MNPS School Board Meeting Gets Heated Over Director Shawn Joseph’s Leadership | Nashville Public Radio

MNPS School Board Meeting Gets Heated Over Director Shawn Joseph’s Leadership

Jan 8, 2019

A Metro Nashville school board meeting heated up Tuesday night, as members of the board and audience members and community debated the leadership of schools director Shawn Joseph. The brouhaha follows over a year of criticism, including complaints over his hiring practices and handling of sexual harassment lawsuits against MNPS.

School board member Christiane Buggs began Tuesday night’s meeting with a passion, saying she had to address the elephant in the room: the fact that fellow board member Jill Speering had called for a protest against director Shawn Joseph.

She criticized Speering's decision to tell teachers they could wear masks if they wanted to remain anonymous.

"I’m not sure if Ms. Speering made the connection between the masked protest she encouraged today and those of yesteryears hailed by the Ku Klux Klan, but I did," Buggs said.

Buggs suggested the criticism over Joseph’s leadership is influenced by racial bias. She asked board members to put aside their differences, so they could pay attention to helping MNPS students.

Several audience members also spoke up during the public comment period, like parent Kelly Watlington, whose sentiments were met with booing from others in the audience.

"Dr. Joseph’s leadership style has been to divide and conquer. This room is proof of that alone. His lack of decent leadership qualities has brought all of us where we are now," said Watlington.

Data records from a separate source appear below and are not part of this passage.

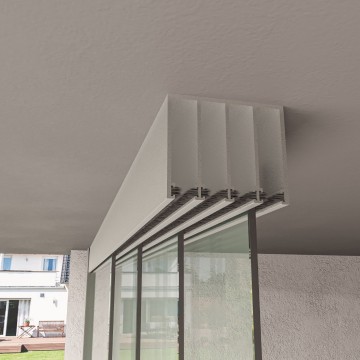 4 railsysteem wit met helder glas van 3000 tot 4000 mm breed met totale hoogte van 1970 mm tot 2700 mm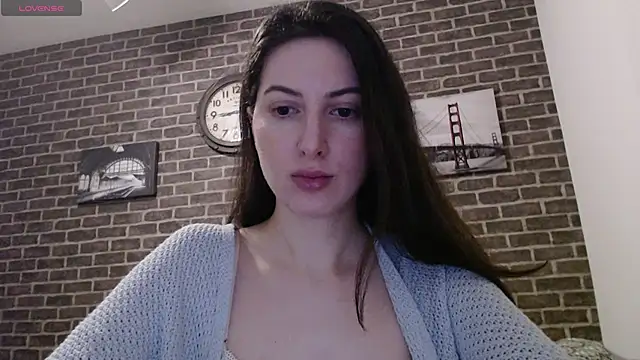  Hot Lady  online show from 10, 3, 2025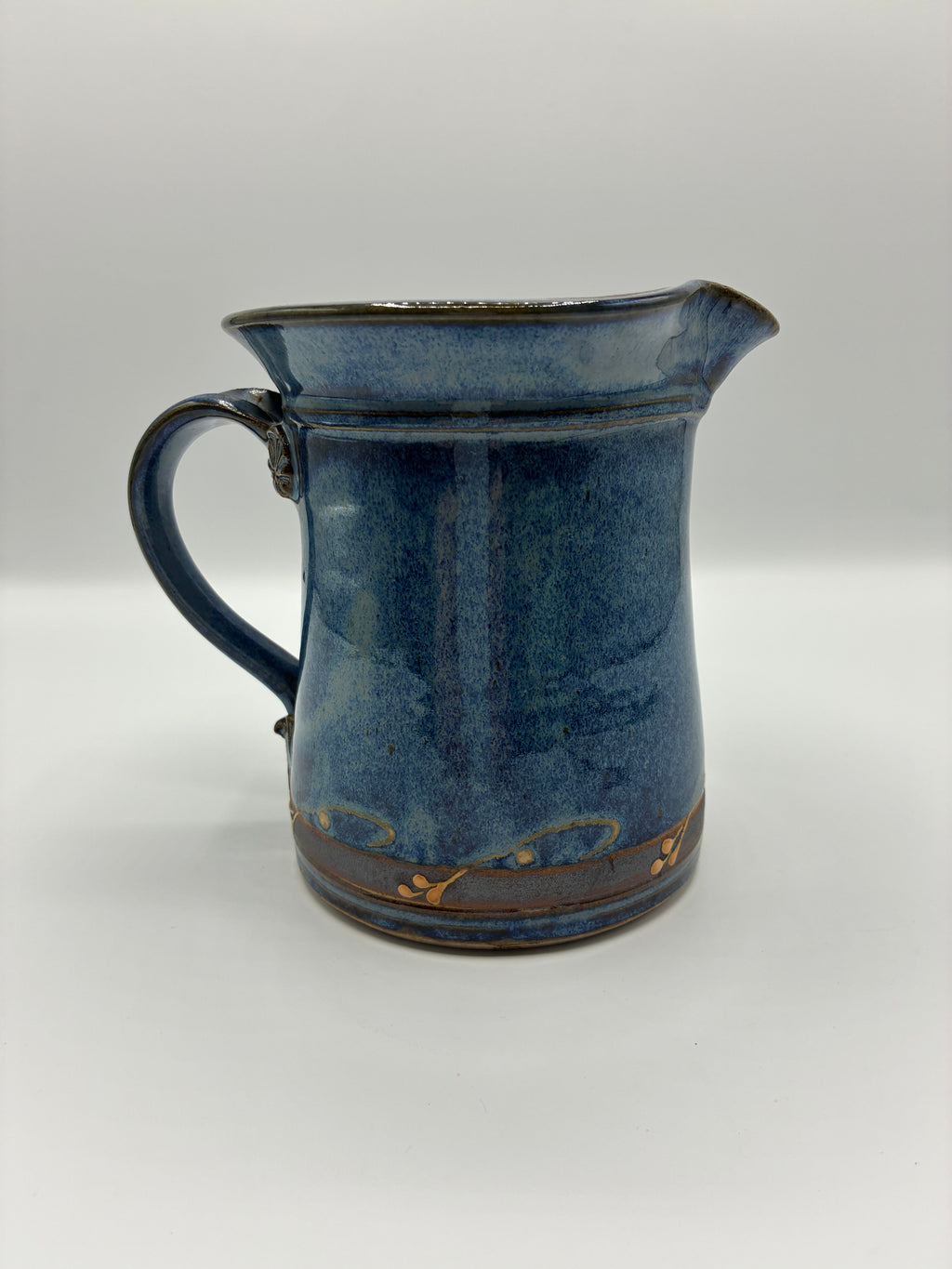 Pichet en grès émaillé bleu nuit – Glaçure mouchetée – Motifs floraux dorés – Signé – Poterie artisanale française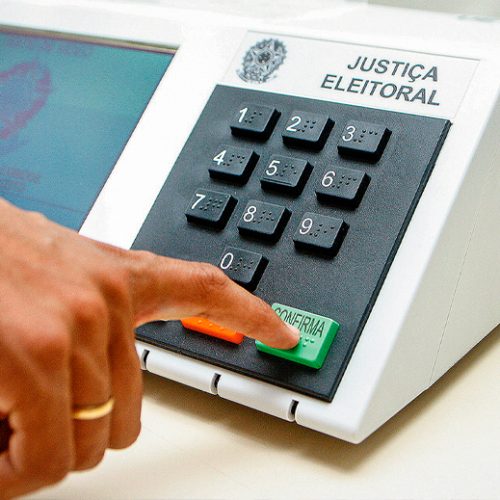 Fundão Eleitoral de 4,9 Bilhões: dinheiro público bate recorde e irá turbinar as campanhas.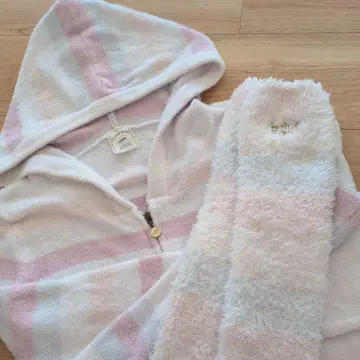 젤라또피케 플리스 룸웨어 후드 부착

At the same time, a number of community members defended Joseph, including juvenile court Judge Sheila Calloway, who praised him for his focus on fair disciplinary practices in schools.

"Thank you Dr. Joseph, thank you for the programs and your support for all of students, not just a few," said Calloway. "Changing the climate from punitative to restorative and rehabilatative has been a task. ... Thank you for your leadership in stopping the suspensions and the arrests in elementary schools."